I would be interested in things like what's the unique advantage wavelets trees have compared to e.g. stuffing roaring bitmaps or other kinds of bitmaps into a tree. The RRR has rank-and-select queries which I think roaring bitmap won't do, so that might tie into something. Maybe a problem where the wavelet tree is the only known efficient way to solve it, or maybe it is uniquely really easy to throw at some types of problems or something else.
Anyone know real-world examples of wavelet trees used somewhere? I got interested enough to dig a bit deeper but on the spot as I'm writing this comment, I'm not smart enough to immediately see do these things have killer applications in any niches.
Succinct data structures such as wavelet trees are widely used in bioinformatics. There you often have strings that cannot be tokenized or parsed meaningfully, so you just have to deal with sequences of symbols.
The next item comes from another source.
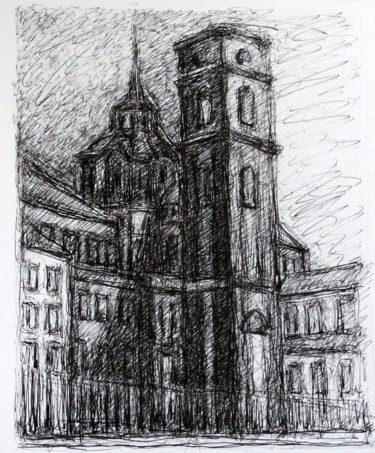 Desenho intitulada "Il duomo di Torino-…" por Francesco Cagnato, Obras de arte originais, Tinta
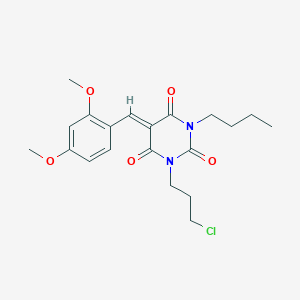 molecular formula C20H25ClN2O5 B429221 1-butyl-3-(3-chloropropyl)-5-(2,4-dimethoxybenzylidene)-2,4,6(1H,3H,5H)-pyrimidinetrione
And because the strings are often very long and/or there can be a huge number of them, the data structures have to be space-efficient.
A wavelet tree is best seen as an intermediate data structure. It doesn't do anything particularly interesting on its own, but it can be used as a building block for higher-level data structures. For example, you can create an FM-index by storing the Burrows–Wheeler transform in a wavelet tree. (Though there are better options when the alphabet is small.) And then you can use the FM-index to find exact matches of any length between the pattern and the indexed strings.
People working with succinct data structures often talk about bitvectors rather than bitmaps. The difference is that bitmaps tend to focus on set operations, while bitvectors are more about random access with rank, select, and related queries. Then you could see wavelet trees as a generalization of bitvectors from a binary alphabet to larger alphabets. And then you have people talking about wavelet trees, when they really mean a wider class of conceptually and functionally similar data structures, regardless of the actual implementation.